Adopted by Congress last October, the Emergency Economic Stabilization Act authorized TARP to assist financial institutions. Many, including the U.S. Chamber of Commerce and the National Federation of Independent Businesses, believed that TARP was necessary to stabilize our economy.  However, Hatch and Lincoln say, now that TARP is becoming a means to bankroll U.S. companies, Treasury should not be able to continue down this path. Some of the nation’s healthier banks are repaying some of that money. Those funds should be used to pay down the nation’s debt, the senators added.

“This money belongs to the American people,” Hatch said. “Taxpayers have been forced to foot the bill for rescuing the financial sector, but now they are being required to bail out any company deemed ‘too big to fail.’ It is time for Congress to ensure that TARP is used for its intended purpose and to require any money repaid to the Treasury Department be returned to the general fund.”

“Although TARP funds may have been necessary initially to stabilize our nation’s economy, the federal government should act to recoup taxpayers’ investment responsibly and as soon as practicable,” Lincoln said.

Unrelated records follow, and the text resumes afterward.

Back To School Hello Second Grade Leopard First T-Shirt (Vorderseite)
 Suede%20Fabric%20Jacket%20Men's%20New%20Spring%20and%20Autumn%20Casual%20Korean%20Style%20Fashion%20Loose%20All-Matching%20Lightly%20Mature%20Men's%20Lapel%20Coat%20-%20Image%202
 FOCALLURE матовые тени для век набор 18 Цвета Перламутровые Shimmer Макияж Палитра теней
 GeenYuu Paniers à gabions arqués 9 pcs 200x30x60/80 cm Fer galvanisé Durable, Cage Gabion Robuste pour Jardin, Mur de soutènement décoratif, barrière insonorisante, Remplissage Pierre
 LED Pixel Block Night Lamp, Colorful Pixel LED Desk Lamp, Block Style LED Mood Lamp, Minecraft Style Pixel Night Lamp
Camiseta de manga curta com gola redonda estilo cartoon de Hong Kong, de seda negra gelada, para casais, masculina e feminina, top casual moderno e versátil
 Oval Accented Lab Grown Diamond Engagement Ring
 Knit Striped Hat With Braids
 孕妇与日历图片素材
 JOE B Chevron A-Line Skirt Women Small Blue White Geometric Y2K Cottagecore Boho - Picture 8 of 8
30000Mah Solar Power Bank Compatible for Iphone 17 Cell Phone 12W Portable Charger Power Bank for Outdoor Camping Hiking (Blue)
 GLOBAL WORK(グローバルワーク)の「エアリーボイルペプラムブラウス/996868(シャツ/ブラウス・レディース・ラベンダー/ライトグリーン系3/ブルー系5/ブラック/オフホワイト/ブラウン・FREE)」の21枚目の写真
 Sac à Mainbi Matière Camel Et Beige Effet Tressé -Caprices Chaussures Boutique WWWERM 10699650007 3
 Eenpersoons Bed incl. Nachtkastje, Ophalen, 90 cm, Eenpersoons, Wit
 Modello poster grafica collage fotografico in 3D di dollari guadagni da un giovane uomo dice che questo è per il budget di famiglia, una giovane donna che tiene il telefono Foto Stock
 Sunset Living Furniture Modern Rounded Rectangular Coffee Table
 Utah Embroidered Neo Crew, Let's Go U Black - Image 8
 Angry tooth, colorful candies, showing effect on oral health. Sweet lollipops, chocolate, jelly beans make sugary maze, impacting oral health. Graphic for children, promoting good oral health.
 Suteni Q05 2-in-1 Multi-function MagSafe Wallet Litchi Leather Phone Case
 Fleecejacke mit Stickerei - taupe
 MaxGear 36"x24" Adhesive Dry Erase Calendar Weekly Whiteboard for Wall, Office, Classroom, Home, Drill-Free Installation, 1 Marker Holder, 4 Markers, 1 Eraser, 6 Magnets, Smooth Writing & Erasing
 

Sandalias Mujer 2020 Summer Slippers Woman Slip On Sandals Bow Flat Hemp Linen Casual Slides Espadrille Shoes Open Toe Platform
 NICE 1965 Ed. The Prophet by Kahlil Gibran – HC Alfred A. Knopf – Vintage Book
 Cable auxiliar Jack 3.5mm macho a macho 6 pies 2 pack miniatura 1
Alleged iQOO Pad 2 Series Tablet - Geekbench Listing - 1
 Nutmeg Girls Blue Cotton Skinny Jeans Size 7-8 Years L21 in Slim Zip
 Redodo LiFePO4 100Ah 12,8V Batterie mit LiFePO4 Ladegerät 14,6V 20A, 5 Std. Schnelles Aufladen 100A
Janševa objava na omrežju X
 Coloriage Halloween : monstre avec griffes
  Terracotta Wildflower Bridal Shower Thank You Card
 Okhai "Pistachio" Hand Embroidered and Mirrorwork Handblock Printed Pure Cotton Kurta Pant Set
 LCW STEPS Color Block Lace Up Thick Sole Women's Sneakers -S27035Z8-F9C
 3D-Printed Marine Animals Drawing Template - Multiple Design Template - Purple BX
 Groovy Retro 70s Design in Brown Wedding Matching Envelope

The Treasury Department recently approved spending $30 billion in TARP funds to acquire 60 percent of General Motors’ shares. Under the current system, if the Treasury sold these shares at a profit, the $30 billion could revert back to TARP and only the profit would be put in the general fund. Under the STAR Act, the original investment would also have to be placed in the general fund to pay down the nation’s debt.